Just one year ago, I wrote that Jensen Huang might have to eat his words.
At the time, Nvidia’s CEO had poured cold water on quantum computing by saying “very useful” quantum computers were probably about 20 years away.
More specifically, Huang said 15 years would be early, 30 would be late and 20 years was a timeline “a whole bunch of us would believe.”
Image: Wikimedia Commons
That comment hit quantum stocks hard and became a kind of shorthand for the industry’s biggest problem.
You see, the idea of quantum computing is incredibly powerful. It has the potential to break modern encryption, transform drug discovery and solve optimization problems that today’s computers can’t even begin to approach.
But quantum computers today are too fragile and error-prone to deliver real-world results at scale.
That’s what makes Nvidia’s latest move so surprising.
Because instead of sitting back and waiting for that 20-year timeline to play out, Jensen Huang is now actively trying to bring the quantum future a lot closer.
The Quantum Bottleneck
Last week, Nvidia unveiled “Ising,” a new open family of AI models built for two of quantum computing’s hardest problems: calibration and error correction.
Image: Nvidia
As I’ve written before, quantum computers rely on qubits. A traditional computer uses bits, which can only be a 0 or a 1. But qubits are different because they can exist in multiple states at once.
This is what gives quantum machines their potential to solve problems that classical systems can’t.
But it also makes them extremely fragile.
That’s because qubits are extremely sensitive to their environment. Heat, vibration and electromagnetic noise can all disrupt them.
Even reading a qubit can introduce errors.
Nvidia says the best quantum systems today still fail roughly once every thousand operations. And that becomes a huge problem when useful computations might require millions or even billions of steps.
So the challenge isn’t just building more qubits. It’s keeping them accurate long enough to complete a calculation.
That breaks down into two problems.
The first is calibration.
Quantum processors have to be constantly tuned so qubits behave the way engineers expect them to. That usually involves running repeated test circuits, measuring the results and adjusting control signals by hand or with basic optimization software.
Nvidia’s Ising models change that.
They’re trained on quantum system data and can learn how a processor behaves under different conditions.
Instead of trial-and-error tuning, the AI can predict the adjustments needed and apply them automatically.
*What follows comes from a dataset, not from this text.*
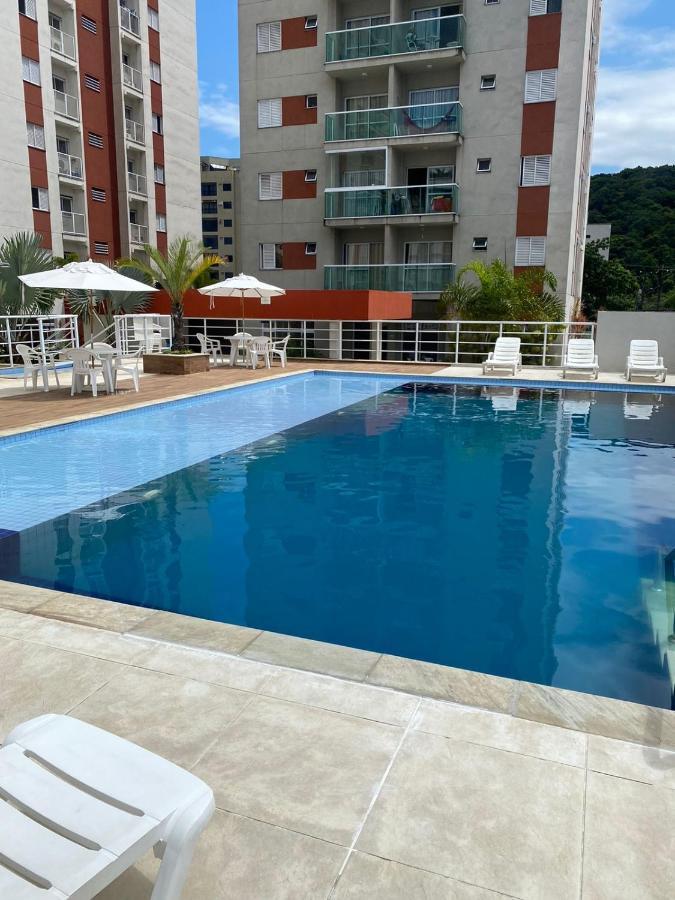 グァルジャーApartamento Encantador Com Piscinaアパートメント エクステリア 写真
That reduces the time it takes to stabilize a system and keeps it operating closer to optimal performance.
So that addresses the first problem. But not the second problem, which is error correction.
Even with perfect calibration, errors don’t disappear. They accumulate. To deal with that, quantum systems encode information across multiple physical qubits and use classical computers to detect and fix mistakes as they happen.
Today, that process is extremely inefficient. In many cases, it can require hundreds or even thousands of physical qubits just to produce a single reliable “logical” qubit.
That process generates massive amounts of data that has to be analyzed in real time. In fact, those signals often need to be processed in microseconds. If corrections come too late, the computation is already lost.
Nvidia’s Ising models are designed to handle that workload too.
They can decode error signals faster and more efficiently, which is essential if quantum systems are going to scale beyond small experiments.
Early results suggest Ising can improve accuracy on key quantum tasks by up to 3X, which is meaningful when quantum systems operate right on the edge of failure.
It doesn’t mean Huang has done a complete 180 and Nvidia is now building its own quantum computer.
But the company is building the intelligence layer that helps quantum hardware function. In that sense, it’s following the same playbook it used in AI, positioning itself as the platform that everything else runs on.
And the market certainly noticed.
After Nvidia announced Ising during its Quantum Day event, shares of IonQ and Rigetti jumped sharply.
IonQ (NYSE: IONQ) was up 17%:

While Rigetti (Nasdaq: RGTI) shot up 11%.

Quantum computing companies D-Wave (NYSE: QBTS) and Quantum Computing (Nasdaq: QUBT) also rallied as investors interpreted Nvidia’s move as a meaningful vote of confidence in the sector.
Those kinds of moves are rare for a single announcement in a sector this early, which tells you how closely investors are watching for any signal that the timeline is shortening.
But their reaction makes sense to me.
A year ago, Huang’s words helped knock the air out of quantum stocks.
But today Nvidia is effectively telling the market that the path to useful quantum computing could run through AI.
Here’s My Take
This is one of the clearest examples yet of what George Gilder and I call Convergence X.
The next great technology wave won’t come from one breakthrough in isolation. It will come from multiple frontier technologies advancing simultaneously and then reinforcing one another.
Huang’s prediction might still be right that large-scale quantum systems will take years to mature. But I believe Nvidia will help compress the quantum timeline because of the feedback loop the company is helping to create with its Ising models.
Better AI will improve quantum systems, and better quantum systems should eventually unlock new kinds of computing power.
That, in turn, will feed back into improving AI.
That’s how separate breakthroughs converge into a technological revolution.